Concurrency is model for software consturction.
Concurrency is the key to designing high performance network services. Go’s concurrency primitives (goroutines and channels) provide a simple and efficient means of expressing concurrent execution. In this talk we see how tricky concurrency problems can be solved gracefully with simple Go code.
The original model Go’s concurrency is from CSP(Communicating Sequential Processes).
The Go approach
Don’t communicate by sharing memory, share memory by communicating.
In other words, you don’t have some memory shared and protected by locks and mutexes from parallel access, instead, you use the channel to pass the data back and forth between the goroutines.
Go’s concurrency toolset
- go routines
- channels
- select
- sync package(classic mutexes)
Deadlock
A deadlocked program is one in which all concurrent processes are waiting on one another. In this state, the program will never recover without outside intervention.
Race Conditions
A race condition occurs when two or more operations must execute in the correct order, but the program has not been written so that this order is guaranteed to be maintained. Most of the time, this shows up in what’s called a data race, where one concurrent operation attempts to read a variable while at some undetermined time another con‐ current operation is attempting to write to the same variable.
Mutex locks
type Counter struct {
mu sync.Mutex
value int
}
func (c *Counter) Increment()
{
c.mu.Lock()
defer c.mu.Unlock()
c.value++
}
Start goroutines
Common function
func main() {
go sayHello() // continue doing other things
}
func sayHello()
{
fmt.Println("hello")
}
// no output
Anonymous function
go func() {
fmt.Println("hello")
}()
Anonymous function with parameter
go func(URL string) {
fmt.Println("hello", URL)
}("http://bcd.com")
Fork and join model
func main() {
var wg sync.WaitGroup
sayHello := func() {
defer wg.Done()
fmt.Println("hello")
}
wg.Add(1)
go sayHello()
wg.Wait()
}
Channels
- Think of a bucket chain
- 3 components: sender, buffer, receiver
- The buffer is optional
A channel in Go provides a connection between two goroutines, allowing them to communicate. A channel with no buffer is a blocking(synchronized) channel. A channel operation is a communicate and synchronize operation.
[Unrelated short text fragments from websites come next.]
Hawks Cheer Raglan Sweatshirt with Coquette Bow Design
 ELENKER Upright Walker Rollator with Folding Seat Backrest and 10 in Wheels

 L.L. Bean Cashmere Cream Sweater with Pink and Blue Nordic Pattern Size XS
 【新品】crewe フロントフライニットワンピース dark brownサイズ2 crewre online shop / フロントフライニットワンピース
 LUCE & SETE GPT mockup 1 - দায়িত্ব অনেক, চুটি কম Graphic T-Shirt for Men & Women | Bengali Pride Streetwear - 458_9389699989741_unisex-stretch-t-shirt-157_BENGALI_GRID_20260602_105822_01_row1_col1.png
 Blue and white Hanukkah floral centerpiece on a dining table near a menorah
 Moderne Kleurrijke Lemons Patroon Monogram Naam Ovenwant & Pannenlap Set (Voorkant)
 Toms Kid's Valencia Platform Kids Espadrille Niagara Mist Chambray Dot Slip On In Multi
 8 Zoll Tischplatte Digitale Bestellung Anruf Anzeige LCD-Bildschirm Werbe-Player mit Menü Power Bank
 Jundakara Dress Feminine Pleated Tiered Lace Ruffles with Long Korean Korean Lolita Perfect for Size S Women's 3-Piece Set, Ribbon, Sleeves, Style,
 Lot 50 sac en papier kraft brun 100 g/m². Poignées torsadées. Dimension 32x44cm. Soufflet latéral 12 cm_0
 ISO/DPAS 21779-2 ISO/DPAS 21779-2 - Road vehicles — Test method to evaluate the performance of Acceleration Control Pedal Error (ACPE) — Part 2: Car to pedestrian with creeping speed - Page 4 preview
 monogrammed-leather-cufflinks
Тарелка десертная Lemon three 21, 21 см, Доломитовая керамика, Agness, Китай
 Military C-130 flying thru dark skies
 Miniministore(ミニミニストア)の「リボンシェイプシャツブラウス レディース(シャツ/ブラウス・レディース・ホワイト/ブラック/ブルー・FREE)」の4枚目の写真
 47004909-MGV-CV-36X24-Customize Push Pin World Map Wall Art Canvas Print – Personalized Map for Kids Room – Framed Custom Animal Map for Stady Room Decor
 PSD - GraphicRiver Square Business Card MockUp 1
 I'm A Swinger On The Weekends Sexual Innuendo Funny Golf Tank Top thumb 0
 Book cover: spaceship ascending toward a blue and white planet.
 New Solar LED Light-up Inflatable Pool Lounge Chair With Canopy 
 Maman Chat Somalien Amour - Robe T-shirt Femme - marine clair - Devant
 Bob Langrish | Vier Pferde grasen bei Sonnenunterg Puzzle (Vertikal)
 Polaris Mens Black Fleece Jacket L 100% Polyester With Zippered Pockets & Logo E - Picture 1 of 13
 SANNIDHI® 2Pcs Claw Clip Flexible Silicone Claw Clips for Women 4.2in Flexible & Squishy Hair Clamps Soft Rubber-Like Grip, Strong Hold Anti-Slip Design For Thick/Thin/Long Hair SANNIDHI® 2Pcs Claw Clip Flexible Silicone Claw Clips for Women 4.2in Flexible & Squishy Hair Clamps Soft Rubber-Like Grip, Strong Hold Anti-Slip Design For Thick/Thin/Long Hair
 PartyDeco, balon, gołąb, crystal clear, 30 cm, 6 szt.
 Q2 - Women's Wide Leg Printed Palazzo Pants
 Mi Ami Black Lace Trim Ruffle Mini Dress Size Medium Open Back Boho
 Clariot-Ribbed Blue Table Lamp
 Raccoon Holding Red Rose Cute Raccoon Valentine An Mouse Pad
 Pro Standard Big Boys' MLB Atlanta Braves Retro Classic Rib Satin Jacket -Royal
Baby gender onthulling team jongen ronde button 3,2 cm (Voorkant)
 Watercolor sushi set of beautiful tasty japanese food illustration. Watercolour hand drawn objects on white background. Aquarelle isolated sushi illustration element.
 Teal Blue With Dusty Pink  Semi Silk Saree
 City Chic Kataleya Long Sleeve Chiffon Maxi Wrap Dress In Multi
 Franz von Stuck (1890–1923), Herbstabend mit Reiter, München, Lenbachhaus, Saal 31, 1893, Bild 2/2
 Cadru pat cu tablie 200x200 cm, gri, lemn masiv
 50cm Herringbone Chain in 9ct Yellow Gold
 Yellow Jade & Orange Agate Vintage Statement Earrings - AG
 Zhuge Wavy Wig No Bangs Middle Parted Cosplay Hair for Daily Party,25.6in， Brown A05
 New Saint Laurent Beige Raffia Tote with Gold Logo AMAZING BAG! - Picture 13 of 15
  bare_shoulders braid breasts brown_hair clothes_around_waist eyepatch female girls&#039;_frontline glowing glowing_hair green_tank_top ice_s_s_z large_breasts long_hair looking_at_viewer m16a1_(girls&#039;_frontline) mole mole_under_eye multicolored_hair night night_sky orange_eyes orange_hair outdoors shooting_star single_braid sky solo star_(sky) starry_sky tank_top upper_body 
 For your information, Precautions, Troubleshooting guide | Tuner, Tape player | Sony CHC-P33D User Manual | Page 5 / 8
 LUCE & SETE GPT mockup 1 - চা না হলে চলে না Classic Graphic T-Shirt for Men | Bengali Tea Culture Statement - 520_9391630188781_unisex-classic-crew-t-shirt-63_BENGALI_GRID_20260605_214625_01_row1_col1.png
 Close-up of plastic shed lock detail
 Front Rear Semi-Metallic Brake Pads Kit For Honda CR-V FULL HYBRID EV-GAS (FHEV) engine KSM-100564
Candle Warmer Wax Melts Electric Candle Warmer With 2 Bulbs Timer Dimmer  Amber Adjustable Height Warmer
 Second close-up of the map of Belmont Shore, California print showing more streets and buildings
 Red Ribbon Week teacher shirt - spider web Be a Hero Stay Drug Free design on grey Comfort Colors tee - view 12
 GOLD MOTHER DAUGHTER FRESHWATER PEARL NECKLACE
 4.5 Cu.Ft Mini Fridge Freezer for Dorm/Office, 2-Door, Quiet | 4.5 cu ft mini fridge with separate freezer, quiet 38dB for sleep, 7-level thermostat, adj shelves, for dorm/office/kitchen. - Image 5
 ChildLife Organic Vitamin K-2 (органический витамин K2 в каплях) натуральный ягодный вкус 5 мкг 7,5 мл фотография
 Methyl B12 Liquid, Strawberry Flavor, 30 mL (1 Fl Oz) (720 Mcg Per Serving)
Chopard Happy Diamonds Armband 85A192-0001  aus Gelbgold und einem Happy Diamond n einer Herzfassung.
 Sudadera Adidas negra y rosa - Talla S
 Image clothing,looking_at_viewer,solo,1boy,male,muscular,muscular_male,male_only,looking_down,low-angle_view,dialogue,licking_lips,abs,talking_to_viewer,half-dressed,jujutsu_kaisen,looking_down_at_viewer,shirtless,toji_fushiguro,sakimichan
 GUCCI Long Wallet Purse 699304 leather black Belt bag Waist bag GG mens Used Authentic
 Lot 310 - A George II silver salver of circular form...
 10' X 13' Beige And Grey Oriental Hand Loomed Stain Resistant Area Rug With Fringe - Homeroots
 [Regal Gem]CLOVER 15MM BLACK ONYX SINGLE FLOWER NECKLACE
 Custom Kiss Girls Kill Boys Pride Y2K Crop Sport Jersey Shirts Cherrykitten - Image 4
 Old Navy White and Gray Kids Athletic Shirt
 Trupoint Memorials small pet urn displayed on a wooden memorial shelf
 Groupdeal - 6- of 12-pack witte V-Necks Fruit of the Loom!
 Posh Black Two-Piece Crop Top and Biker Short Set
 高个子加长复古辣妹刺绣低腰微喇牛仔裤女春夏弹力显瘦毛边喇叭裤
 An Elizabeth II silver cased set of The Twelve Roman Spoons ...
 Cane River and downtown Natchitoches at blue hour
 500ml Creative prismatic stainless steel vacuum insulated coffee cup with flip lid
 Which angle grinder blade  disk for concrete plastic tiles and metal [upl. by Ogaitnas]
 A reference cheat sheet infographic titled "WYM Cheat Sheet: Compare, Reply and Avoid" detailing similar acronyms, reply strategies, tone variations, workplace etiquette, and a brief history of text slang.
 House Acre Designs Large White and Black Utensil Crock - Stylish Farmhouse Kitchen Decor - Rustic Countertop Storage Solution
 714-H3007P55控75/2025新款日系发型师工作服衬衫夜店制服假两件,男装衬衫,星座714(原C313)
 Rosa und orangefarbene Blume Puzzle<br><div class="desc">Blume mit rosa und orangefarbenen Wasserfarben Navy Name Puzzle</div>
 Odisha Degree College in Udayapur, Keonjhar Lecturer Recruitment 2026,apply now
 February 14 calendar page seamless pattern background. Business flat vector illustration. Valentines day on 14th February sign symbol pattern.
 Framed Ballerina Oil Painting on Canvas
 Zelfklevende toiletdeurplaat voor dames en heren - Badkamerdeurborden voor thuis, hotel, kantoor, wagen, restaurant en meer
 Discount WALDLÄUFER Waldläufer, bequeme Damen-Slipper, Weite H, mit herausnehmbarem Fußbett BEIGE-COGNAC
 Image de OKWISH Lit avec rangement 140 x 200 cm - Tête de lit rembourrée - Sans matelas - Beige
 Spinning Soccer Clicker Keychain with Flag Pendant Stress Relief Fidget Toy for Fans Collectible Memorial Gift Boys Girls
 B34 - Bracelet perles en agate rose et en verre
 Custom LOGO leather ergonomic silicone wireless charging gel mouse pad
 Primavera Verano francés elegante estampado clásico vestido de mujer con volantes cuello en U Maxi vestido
A bufferd channel is not synchronized.
Declaring and initializing
var c chan int
c = make(chan int)
// or
c := make(chan int)
Sending on a channel
c <- 1
Receiving from a channel, the “arrow” indicates the direction of the data flow.
value = <-c
Blocking channels
blocked
unbuffered := make(chan int)
// blocks
unbuffered <- 1
// blocks
a := <- unbuffered
not blocked
go func() {<- unbuffered }()
unbuffered <- 1
unbuffered := make(chan int, 1)
// still blocks
a := <- buffered
// fine
buffered <- 1
// blocks (buffer full)
buffered <- 2
Blocking breaks concurrency
Closing channels
- if closed, nothing to do
- close twice will panic
c := make(chan int)
close(c)
fmt.Println(<-c) // receive and print
// What is printed?
// 0, false
// - a receive always returns two values
// - 0 as it is the zero value of int
// - false "because no more data" or "returned value is not valid"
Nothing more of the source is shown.